PROMPT
Pick out every line of the entries below where "with" occurs, and copy those lines.

RECORDS FOR PROCESSING
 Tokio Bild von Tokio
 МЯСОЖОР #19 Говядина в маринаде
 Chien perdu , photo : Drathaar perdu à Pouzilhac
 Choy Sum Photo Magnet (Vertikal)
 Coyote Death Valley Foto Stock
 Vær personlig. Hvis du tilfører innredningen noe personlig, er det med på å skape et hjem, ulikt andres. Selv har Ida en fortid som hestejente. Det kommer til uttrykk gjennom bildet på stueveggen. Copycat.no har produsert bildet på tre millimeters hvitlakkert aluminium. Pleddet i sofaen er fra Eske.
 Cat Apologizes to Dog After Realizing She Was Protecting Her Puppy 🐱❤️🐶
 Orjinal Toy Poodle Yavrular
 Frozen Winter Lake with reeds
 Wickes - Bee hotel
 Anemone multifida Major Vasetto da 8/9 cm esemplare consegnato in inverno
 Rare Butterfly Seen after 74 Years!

==

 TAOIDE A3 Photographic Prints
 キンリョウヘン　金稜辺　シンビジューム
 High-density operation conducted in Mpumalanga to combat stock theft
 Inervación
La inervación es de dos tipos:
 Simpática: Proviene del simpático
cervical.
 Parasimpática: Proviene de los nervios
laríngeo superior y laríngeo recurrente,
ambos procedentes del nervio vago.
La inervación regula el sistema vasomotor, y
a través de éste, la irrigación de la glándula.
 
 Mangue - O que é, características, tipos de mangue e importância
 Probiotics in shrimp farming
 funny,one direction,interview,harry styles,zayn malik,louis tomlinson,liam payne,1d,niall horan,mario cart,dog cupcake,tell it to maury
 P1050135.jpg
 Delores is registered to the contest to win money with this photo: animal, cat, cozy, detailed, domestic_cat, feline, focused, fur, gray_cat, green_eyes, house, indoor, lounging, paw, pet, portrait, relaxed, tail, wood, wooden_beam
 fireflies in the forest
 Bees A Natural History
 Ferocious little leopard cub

* * *

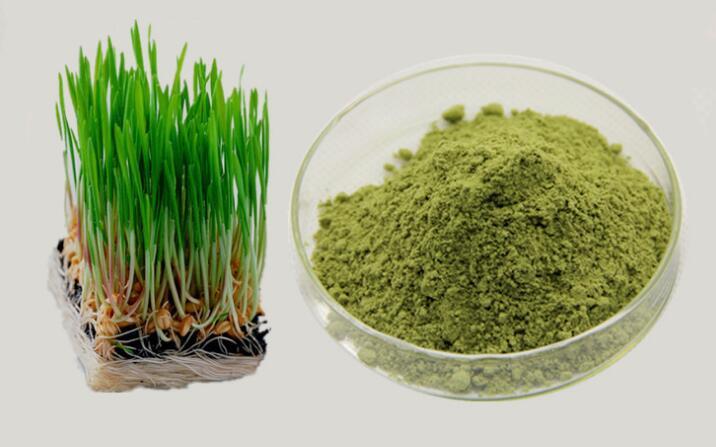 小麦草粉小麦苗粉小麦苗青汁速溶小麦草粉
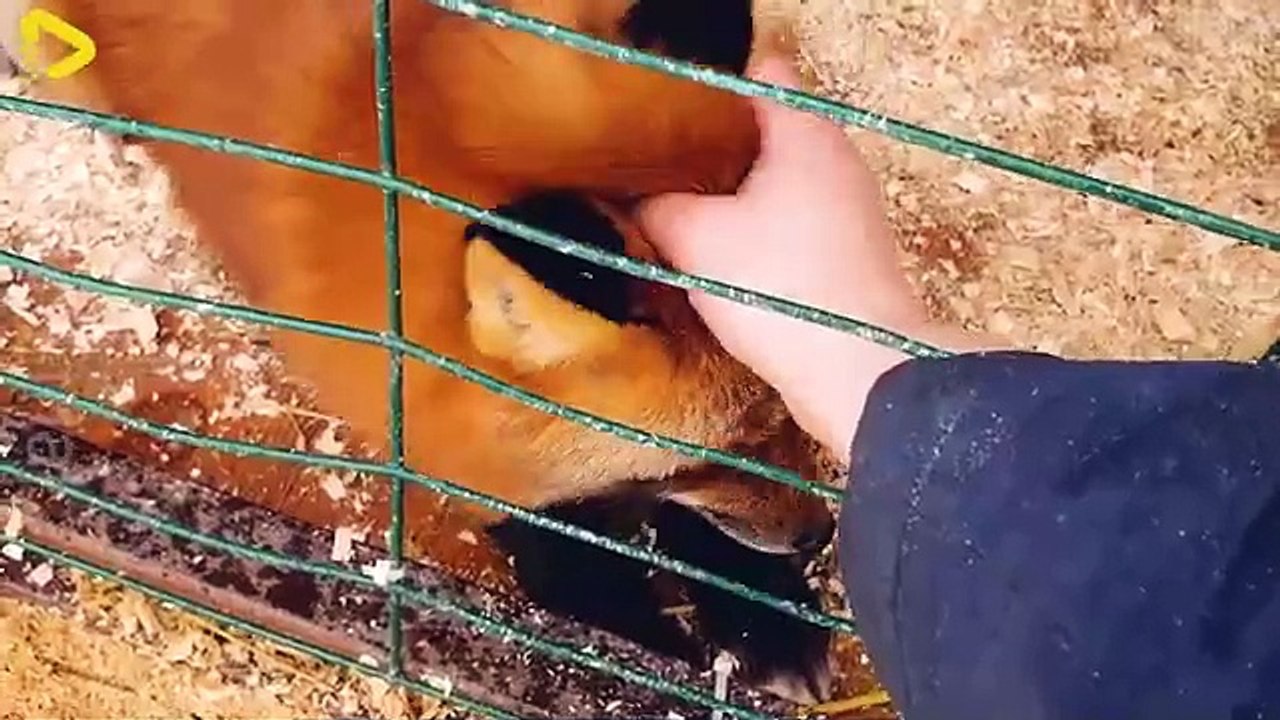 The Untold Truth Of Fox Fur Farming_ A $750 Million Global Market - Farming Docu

SOLUTION TO THE EXERCISE
 Frozen Winter Lake with reeds
 Delores is registered to the contest to win money with this photo: animal, cat, cozy, detailed, domestic_cat, feline, focused, fur, gray_cat, green_eyes, house, indoor, lounging, paw, pet, portrait, relaxed, tail, wood, wooden_beam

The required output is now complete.